(11 years, 3 months ago)
Commons ChamberAbsolutely. The Electoral Commission comes before us quite a lot and it is pretty hard to get anything off the straight and narrow out of those people. They are impartial civil servants—it is like talking to the Boundary Commission or comparable public officials—who take their jobs seriously. It is impossible, even with the talents I have on my Committee, to lure them into the political domain, quite rightly. I urge hon. Members to read what the Electoral Commission said in evidence about the spot it has been put in by how the Government have rushed the Bill through. I shall make a couple of points on that in a moment.
It used to be a lobbying Bill, but now it is a lobbying Bill and some. It is the “and some” that causes the problems. However, as we discovered during yesterday’s debates, the lobbying provisions apply to Mencap and Save the Children. I had not realised their massive significance in general elections in Britain. I thought they were a helpful adjunct and were interesting, challenging and demanding, but I had not realised that they decided the outcome of general elections. This lobbying Bill, however, leaves out some of the biggest beasts in our political firmament. It does not catch the people who said, “It’s The Sun wot won it,” after a general election. It does not capture those people, such as Rupert Murdoch, who have massive influence. So, even on its own terms, before 27 July, this was an inadequate Bill. Instead of our being able to focus on that, however, clause 27 has been added. As I mentioned yesterday, it impacts on, and has managed to create a unity in, the voluntary and charitable sector that has been hitherto unseen. That, I think, is a perverse achievement by the Government.
My hon. Friend is making another excellent speech and has clearly done a splendid job. Was he as surprised as I was to look at the explanatory notes on the Bill, and particularly on clause 27, and see that Scotland is allocated a mere £35,400? Can he, with all his experience, tell me what I should say in my constituency if one third party wanted to campaign in favour of fox hunting and the other against it? For example, how could they employ people based on what seems to me to be a ridiculous amount?
I do not want to get drawn into too many specific cases, but my right hon. Friend highlights one issue, which is, when two charities who wish to pursue their legitimate aims are at variance with each other, how do they not, in an election year—because it is known when the election will be; it is 602 days from today—launch legal action against each other? Such bodies can be a bit litigious. Will the League Against Cruel Sports allow the Countryside Alliance to get away with something that might just be embarrassing? Instead it will say, “Let’s see if we can nudge them into court; let’s tie ’em up a little bit.” Or is it possible—the hon. Member for Carmarthen West and South Pembrokeshire (Simon Hart) is in his place—that the Countryside Alliance might even say to the League Against Cruel Sports, “You have stepped over the line here,” with such amounts of money as my right hon.
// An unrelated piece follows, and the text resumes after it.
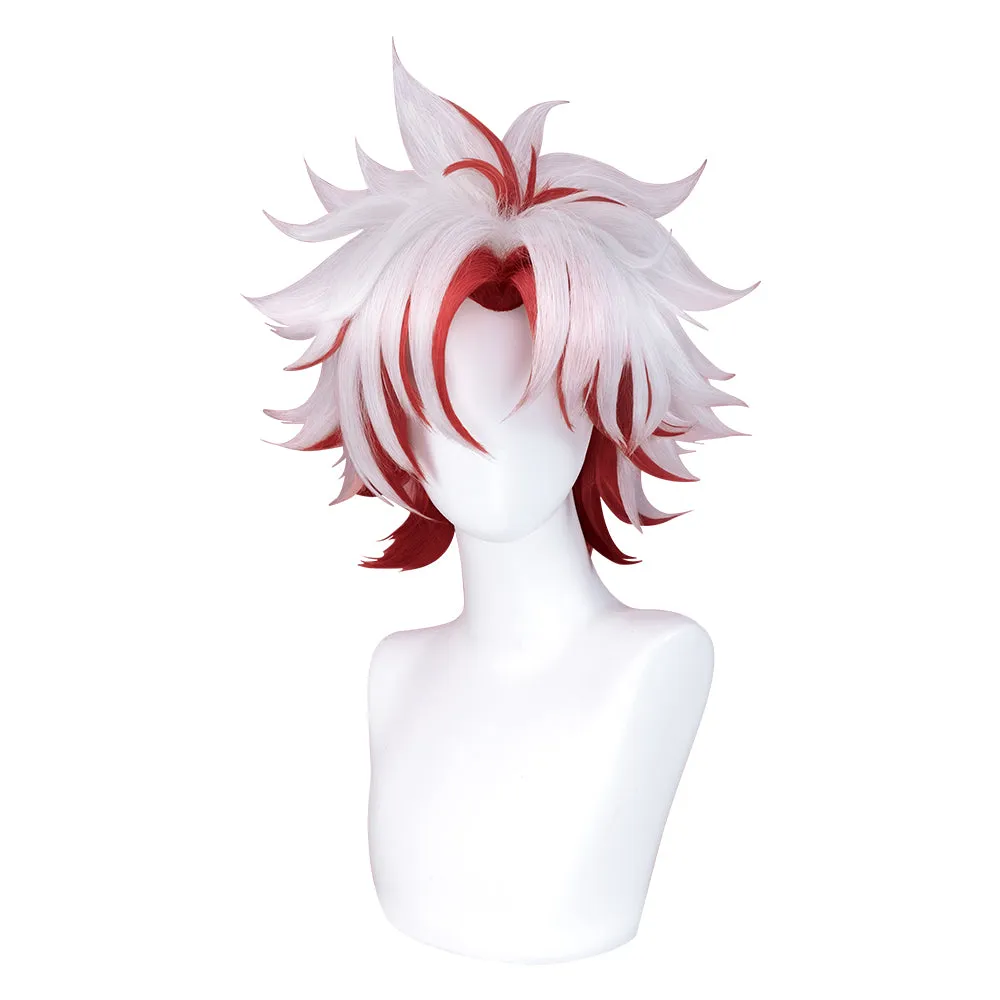 DokiDoki Game Wuthering Waves Cosplay Scar Wig Short Straight White Red Hair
Friend the Member for Coatbridge, Chryston and Bellshill (Mr Clarke) referred to?
Then in comes the police force. Who will be the police force? It will be the Electoral Commission. The Electoral Commission will be pushed in between two contending charities to be the referee—to push those people apart. And do what else? If it is informed by one slightly malicious party that an infringement is going to take place, does it have to send its own people? Do they have to stop people getting on the platform? Do they take down the advertisements outside? What are we doing making the Electoral Commission the thought police of free speech in this country—a job it does not want and has not asked for, and was not even consulted about before it picked up the Bill at The Stationery Office? It was not even consulted about the proposed change to its role.